PREPROCESSOR

Caution:

There are security implications to consider when using the PREPROCESSOR clause. See Oracle Database Security Guide for more information.

If the file you want to load contains data records that are not in a format supported by the ORACLE_LOADER access driver, then use the PREPROCESSOR clause to specify a user-supplied preprocessor program that will execute for every data file. Note that the program specification must be enclosed in a shell script if it uses arguments (see the description of "file_spec").
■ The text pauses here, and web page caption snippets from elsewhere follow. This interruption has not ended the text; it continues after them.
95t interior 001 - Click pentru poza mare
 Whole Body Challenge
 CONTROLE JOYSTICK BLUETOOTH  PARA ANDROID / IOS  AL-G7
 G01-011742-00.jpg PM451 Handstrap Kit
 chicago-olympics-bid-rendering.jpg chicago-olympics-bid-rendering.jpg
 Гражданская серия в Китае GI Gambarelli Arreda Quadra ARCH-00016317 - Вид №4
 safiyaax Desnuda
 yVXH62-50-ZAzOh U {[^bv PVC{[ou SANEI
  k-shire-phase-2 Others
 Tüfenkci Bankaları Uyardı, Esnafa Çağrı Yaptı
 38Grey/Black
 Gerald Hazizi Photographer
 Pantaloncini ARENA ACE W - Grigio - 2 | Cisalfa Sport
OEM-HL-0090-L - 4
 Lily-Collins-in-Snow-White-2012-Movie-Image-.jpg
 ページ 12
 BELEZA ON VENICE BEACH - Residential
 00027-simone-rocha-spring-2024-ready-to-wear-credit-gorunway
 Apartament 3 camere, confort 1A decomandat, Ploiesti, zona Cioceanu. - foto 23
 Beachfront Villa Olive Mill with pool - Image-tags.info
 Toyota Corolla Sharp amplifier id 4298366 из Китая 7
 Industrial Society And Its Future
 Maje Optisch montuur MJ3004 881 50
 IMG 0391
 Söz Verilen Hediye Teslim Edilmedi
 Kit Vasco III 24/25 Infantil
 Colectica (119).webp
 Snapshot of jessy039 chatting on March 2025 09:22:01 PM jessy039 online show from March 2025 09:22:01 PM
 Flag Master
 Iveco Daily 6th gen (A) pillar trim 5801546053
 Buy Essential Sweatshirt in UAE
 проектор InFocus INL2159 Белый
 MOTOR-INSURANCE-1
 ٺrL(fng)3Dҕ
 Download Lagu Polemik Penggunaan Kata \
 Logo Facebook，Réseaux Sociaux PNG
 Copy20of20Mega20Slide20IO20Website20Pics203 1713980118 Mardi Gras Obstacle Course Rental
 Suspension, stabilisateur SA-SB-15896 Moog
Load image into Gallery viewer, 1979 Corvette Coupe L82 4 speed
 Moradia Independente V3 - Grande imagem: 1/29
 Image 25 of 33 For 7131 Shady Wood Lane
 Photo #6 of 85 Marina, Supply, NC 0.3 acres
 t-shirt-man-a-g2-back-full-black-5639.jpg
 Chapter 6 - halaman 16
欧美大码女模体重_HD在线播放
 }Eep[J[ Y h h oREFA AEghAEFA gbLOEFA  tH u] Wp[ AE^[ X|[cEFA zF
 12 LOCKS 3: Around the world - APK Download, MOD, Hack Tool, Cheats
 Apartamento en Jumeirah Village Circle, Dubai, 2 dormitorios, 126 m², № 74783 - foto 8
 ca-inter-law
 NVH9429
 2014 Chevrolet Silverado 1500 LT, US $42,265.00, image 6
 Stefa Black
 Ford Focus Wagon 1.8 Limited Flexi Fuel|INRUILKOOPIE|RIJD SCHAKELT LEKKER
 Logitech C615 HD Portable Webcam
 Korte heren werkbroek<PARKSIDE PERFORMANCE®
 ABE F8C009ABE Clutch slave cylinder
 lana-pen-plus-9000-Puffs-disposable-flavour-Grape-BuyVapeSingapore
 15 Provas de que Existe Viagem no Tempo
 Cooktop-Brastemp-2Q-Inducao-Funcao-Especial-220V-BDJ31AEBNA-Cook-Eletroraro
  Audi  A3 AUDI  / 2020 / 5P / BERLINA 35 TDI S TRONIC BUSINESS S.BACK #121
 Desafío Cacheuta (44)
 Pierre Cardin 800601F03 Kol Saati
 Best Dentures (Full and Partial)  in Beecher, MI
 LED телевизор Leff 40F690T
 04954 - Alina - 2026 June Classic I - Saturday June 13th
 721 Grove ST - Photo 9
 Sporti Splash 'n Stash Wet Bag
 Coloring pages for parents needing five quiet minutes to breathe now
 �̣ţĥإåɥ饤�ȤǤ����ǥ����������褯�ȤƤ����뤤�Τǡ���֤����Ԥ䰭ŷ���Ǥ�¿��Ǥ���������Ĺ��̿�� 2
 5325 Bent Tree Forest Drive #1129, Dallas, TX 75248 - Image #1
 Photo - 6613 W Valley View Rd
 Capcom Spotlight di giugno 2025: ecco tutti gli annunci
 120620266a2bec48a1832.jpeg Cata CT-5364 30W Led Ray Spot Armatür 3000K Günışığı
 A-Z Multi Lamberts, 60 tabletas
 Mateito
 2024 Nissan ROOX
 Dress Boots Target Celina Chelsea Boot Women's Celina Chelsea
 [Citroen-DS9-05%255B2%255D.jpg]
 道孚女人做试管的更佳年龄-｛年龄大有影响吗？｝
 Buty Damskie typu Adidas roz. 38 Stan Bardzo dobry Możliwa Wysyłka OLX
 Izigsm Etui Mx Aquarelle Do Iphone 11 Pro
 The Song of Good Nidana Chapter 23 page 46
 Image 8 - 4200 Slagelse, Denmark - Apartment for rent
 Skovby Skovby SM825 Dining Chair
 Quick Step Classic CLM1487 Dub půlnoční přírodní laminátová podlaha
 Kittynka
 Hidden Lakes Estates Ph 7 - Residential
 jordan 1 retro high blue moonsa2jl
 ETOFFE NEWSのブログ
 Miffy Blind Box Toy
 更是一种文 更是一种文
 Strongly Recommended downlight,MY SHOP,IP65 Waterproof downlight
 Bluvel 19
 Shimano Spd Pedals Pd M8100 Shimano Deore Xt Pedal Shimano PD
The preprocessor program converts the data to a record format supported by the access driver and then writes the converted record data to standard output (stdout), which the access driver reads as input. The syntax of the PREPROCESSOR clause is as follows:

directory_spec

Specifies the directory object containing the name of the preprocessor program to execute for every data file. The user accessing the external table must have the EXECUTE privilege for the directory object that is used. If directory_spec is omitted, then the default directory specified for the external table is used.

Caution:

For security reasons, Oracle strongly recommends that a separate directory, not the default directory, be used to store preprocessor programs. Do not store any other files in the directory in which preprocessor programs are stored.

The preprocessor program must reside in a directory object, so that access to it can be controlled for security reasons. The OS system manager must create a directory corresponding to the directory object and must verify that OS-user ORACLE has access to that directory. DBAs must ensure that only approved users are allowed access to the directory object associated with the directory path. Although multiple database users can have access to a directory object, only those with the EXECUTE privilege can run a preprocessor in that directory. No existing database user with read-write privileges to a directory object will be able to use the preprocessing feature. DBAs can prevent preprocessors from ever being used by never granting the EXECUTE privilege to anyone for a directory object.

See Also:

Oracle Database SQL Language Reference for information about granting the EXECUTE privilege

file_spec

The name of the preprocessor program. It is appended to the path name associated with the directory object that is being used (either the directory_spec or the default directory for the external table). The file_spec cannot contain an absolute or relative directory path.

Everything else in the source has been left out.